● THE TASK
Look through the records, and whenever a line includes the word "with", copy it.

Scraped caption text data
--
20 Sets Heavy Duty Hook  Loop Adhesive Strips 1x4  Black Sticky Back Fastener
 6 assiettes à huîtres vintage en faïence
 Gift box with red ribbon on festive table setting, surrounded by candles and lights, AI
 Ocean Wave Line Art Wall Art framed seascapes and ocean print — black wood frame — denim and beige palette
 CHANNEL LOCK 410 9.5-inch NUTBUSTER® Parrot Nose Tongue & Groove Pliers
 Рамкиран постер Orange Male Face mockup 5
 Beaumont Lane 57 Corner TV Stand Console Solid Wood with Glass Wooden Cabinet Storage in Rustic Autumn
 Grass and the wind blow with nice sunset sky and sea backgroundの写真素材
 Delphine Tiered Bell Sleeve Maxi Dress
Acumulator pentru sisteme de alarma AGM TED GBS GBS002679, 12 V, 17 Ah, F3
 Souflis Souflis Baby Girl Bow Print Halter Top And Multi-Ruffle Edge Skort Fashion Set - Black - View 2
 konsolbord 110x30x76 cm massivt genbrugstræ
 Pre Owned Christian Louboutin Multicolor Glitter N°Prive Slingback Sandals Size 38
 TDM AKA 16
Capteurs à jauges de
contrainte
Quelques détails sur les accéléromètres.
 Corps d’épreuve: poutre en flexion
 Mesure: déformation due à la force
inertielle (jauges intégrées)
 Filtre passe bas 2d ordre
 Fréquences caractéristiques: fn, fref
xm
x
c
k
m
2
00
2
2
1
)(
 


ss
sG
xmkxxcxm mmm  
--
● COMPLETED TASK
 Gift box with red ribbon on festive table setting, surrounded by candles and lights, AI
 Beaumont Lane 57 Corner TV Stand Console Solid Wood with Glass Wooden Cabinet Storage in Rustic Autumn
 Grass and the wind blow with nice sunset sky and sea backgroundの写真素材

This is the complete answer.